Bees are Busier Than Ever as Disease Besieges Colonies

In normal times, David Hackenberg would begin trucking his 20 million honeybees from the almond orchards of California to the orange groves of Florida this week.

Instead, after a month working the almond blossoms on the West Coast, his exhausted pollinators will get some rest and relaxation in the Georgia woods before the East Coast apple blossoms summon them to work once more next month.

These are not normal times for bees, or for commercial beekeepers, so Hackenberg's pollinators will skip the citrus gig to reduce their exposure to pesticides and get some rest. "Everybody is seeing [bee] losses this winter," said Hackenberg, of Lewisburg, Pa. "This was probably the worst year ever."

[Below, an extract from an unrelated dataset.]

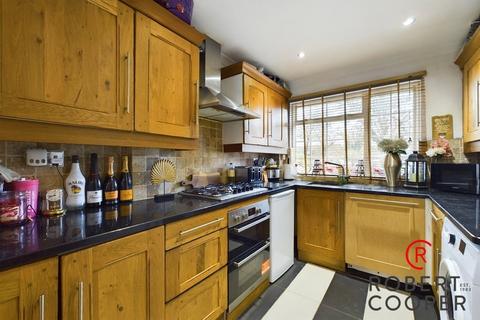 32 Westwood Close, Ruislip, HA4 7RE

More than three years after beekeepers starting seeing the sudden disappearance of hive populations, scientists have yet to find the cause -- let alone the fix -- for a condition called colony collapse disorder (CCD). Meanwhile, the commercial beekeeping industry is struggling to provide pollination services to the nations' farmers. One-third of food crops rely on insect pollination.

A recently published survey suggests that hive losses have stabilized at around 30 percent a year, but that high figure is based on last winter's data. Anecdotally, the losses have climbed this winter, although a formal tally won't occur until the spring.